Task instructions
Type the records that follow again exactly as written, but drop the pictures.

Given records
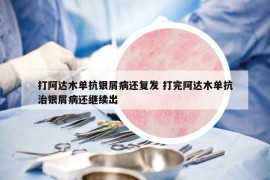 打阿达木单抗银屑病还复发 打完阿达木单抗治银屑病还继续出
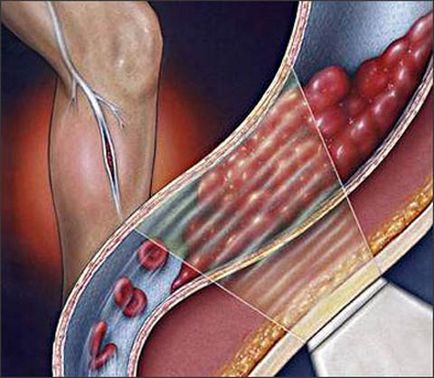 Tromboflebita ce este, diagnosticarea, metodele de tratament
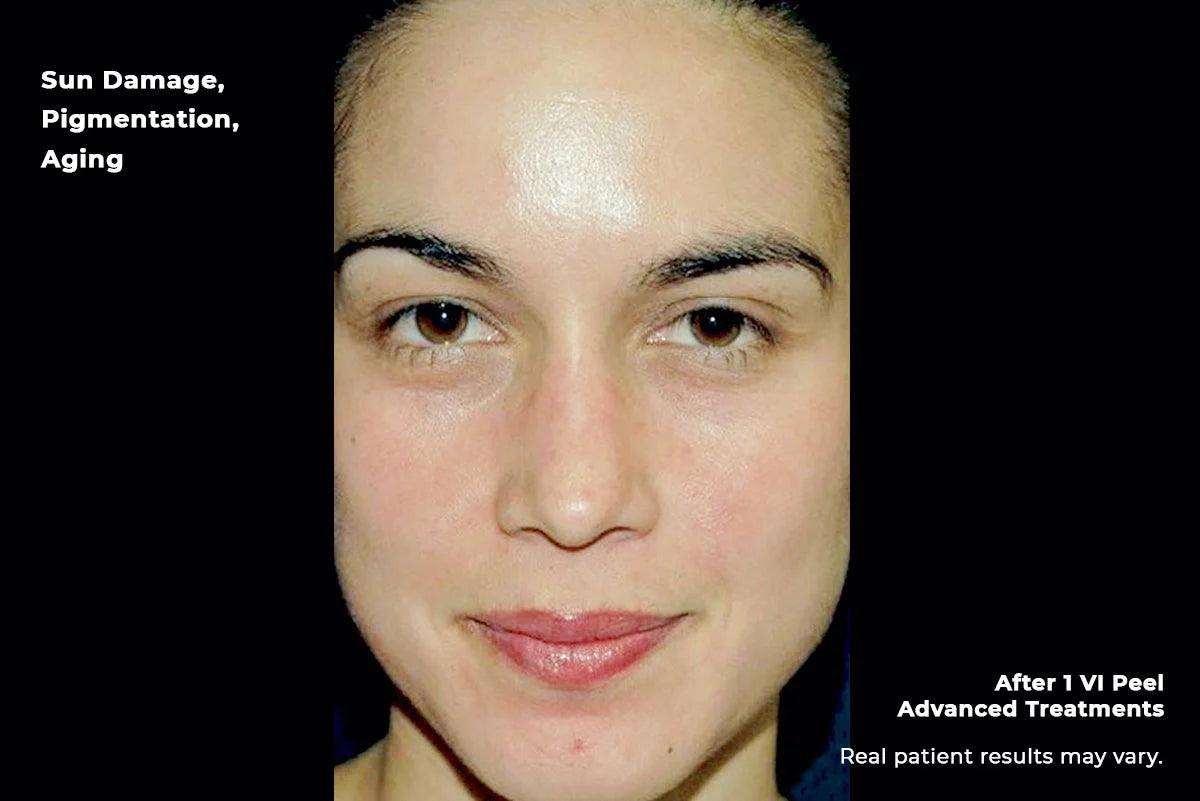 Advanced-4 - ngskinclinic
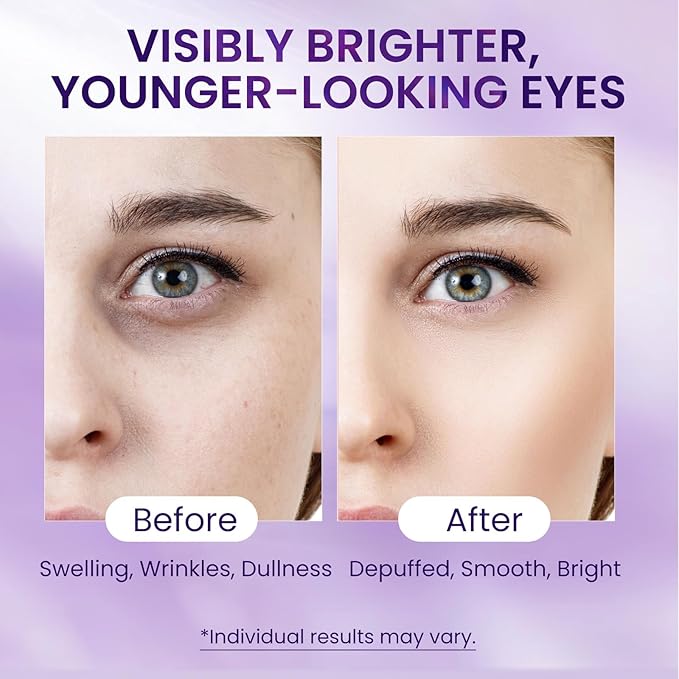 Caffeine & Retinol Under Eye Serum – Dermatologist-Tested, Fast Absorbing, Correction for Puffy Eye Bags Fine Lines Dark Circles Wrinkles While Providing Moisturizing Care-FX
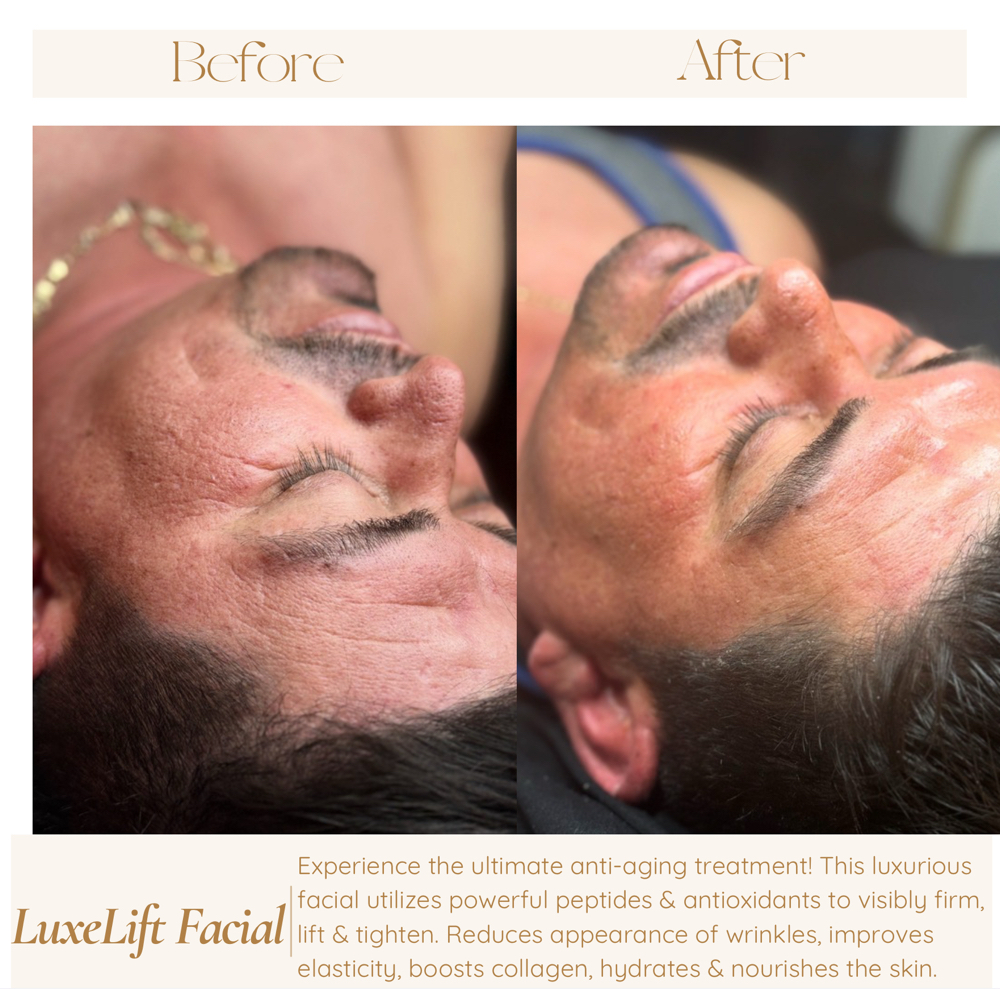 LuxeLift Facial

Result of this task
 打阿达木单抗银屑病还复发 打完阿达木单抗治银屑病还继续出
 Tromboflebita ce este, diagnosticarea, metodele de tratament
 Advanced-4 - ngskinclinic
 Caffeine & Retinol Under Eye Serum – Dermatologist-Tested, Fast Absorbing, Correction for Puffy Eye Bags Fine Lines Dark Circles Wrinkles While Providing Moisturizing Care-FX
 LuxeLift Facial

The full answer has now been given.